Copyright © International Socialism.
Copied with thanks from the International Socialism Website.
Marked up by Einde O’Callaghan for ETOL.
John Lynch
Simon Bolivar: A Life
Yale University Press, 2006, £25
The Communication and Information Ministry of the Bolivarian Government of Venezuela has recently published a short pamphlet called Simon Bolivar: Liberator of Nations, Homeland Creator. It is in English and for free distribution. The foreword is two quotes, one from historian Guillermo Sherwel:
‘Those who studied Bolivar feel at the end of their task the same reverence one feels on leaving a sacred place, where the spirit has been under the influence of the supernatural and the sublime.’
The second quote is from the hero of Cuban nationalism, Jose Marti:
‘One cannot speak calmly of someone who never lived in peace; of Bolivar one can speak with a mountain as a rostrum, or in the midst of thunder and lightning, or with a bunch of free peoples in one’s grip and the tyranny beheaded at one’s feet!’
The legacy of Bolivar is key to the rhetoric of Chavez’s government in Venezuela, yet in reality little is known of his real life or his political ideas. These were fundamentally important in Spanish America, but translate into the 21st century only with considerable difficulty. John Lynch’s new biography, Simon Bolivar: A Life, is very significant, being the first major work about him in English in decades.

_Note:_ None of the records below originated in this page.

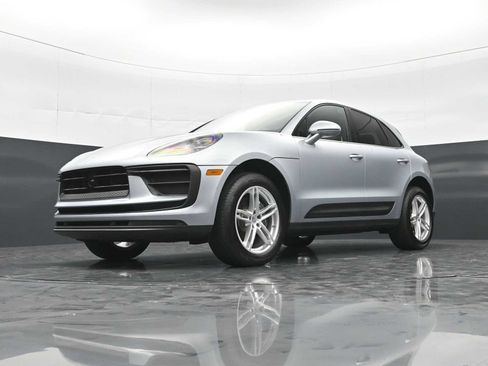 Certified 2025 Porsche Macan AWD/4WD image 36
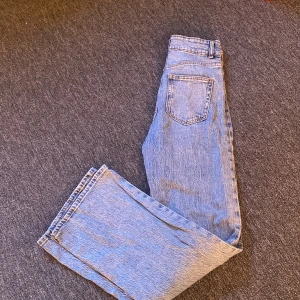 Jeans - Säljer dessa supersnygga jeans 
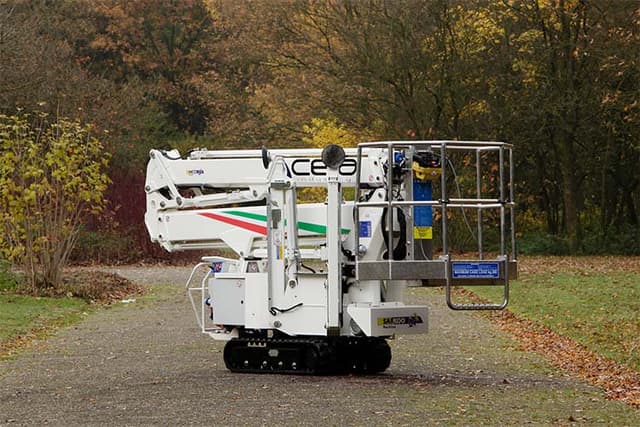 Cela Crawler 15 hoogwerker met 15 meter werkhoogte en 200 kg werkbakcapaciteit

It is an excellent and exhaustive account of his career, especially the military campaigns. It also reveals the political ideas of Bolivar’s generation and the eventual failure of his project in his own time.
Spanish America at the turn of the 19th century was a society under pressure and ripe for change. The Spanish Bourbon state had reasserted a heavy-handed control of its colonial possessions in South America. Its political character was absolutist. Its economic function was, in the words of Simon Bolivar, ‘to satisfy the insatiable greed of Spain’ through the export of primary products from agriculture and mining. This was done mainly through imported black and indigenous labour, which was inefficient in production and low in consumption. There was a Spanish elite in charge, from the mainland and sometimes from the Canaries, with its local royalist collaborators.
There was also dissent among the local elite. A creole (American born) faction had considerable wealth with some European and university learning and commercial links, especially with the British West Indies. There were the beginnings of manufacturing for export and trade and with it increasing autonomy from the centres of Spanish colonial rule. Deprived of political representation, these people found themselves with a growing identity but without power.
Dangerous ideas from abroad were knocking at the door of South America. In North America the colonists had revolted against the taxation without representation of the British and fought their war of independence in 1776. From Europe and North America came the ideas of the Age of Reason. Most important was the French Revolution of 1789 which struck terror into the crowned heads, the religious leaders and the political establishment, and reverberated across the Atlantic. Directly in its wake came the massive slave uprising in St Domingue, where the ‘Black Jacobins’ ended slavery in the island and inspired black rebellion from New York to Sao Paolo. The simmering cauldron of hundreds of thousands of slaves along with free blacks and mixed race descendants threatened to boil over anywhere.
Simon Bolivar was one of the new generation in Venezuela, which did not accept the absolutism and centralism of Bourbon Spain. Born into the white elite as a seventh generation descendant of Basque migrants, he enjoyed the privilege of wealth and the status of his race. He followed a fairly typical upper class education, including the grand tour to Spain at the age of 15. He returned to Europe in 1803 to visit France and Italy, there to witness the march of republican France and the maelstrom of new ideas. John Lynch says ‘it was the French authors of the Age of Reason who unlocked the minds of Americans and infused the thinking of Bolivar.’
Bolivar himself summarised his ideals like this:
‘A republican government: that is what Venezuela ... should have. Its principles should be the sovereignty of the people, division of powers, civil liberty, prohibition of slavery and the abolition of monarchy and privileges. We need equality to recast, so to speak, into a single whole, the classes of men, political opinions and political custom.’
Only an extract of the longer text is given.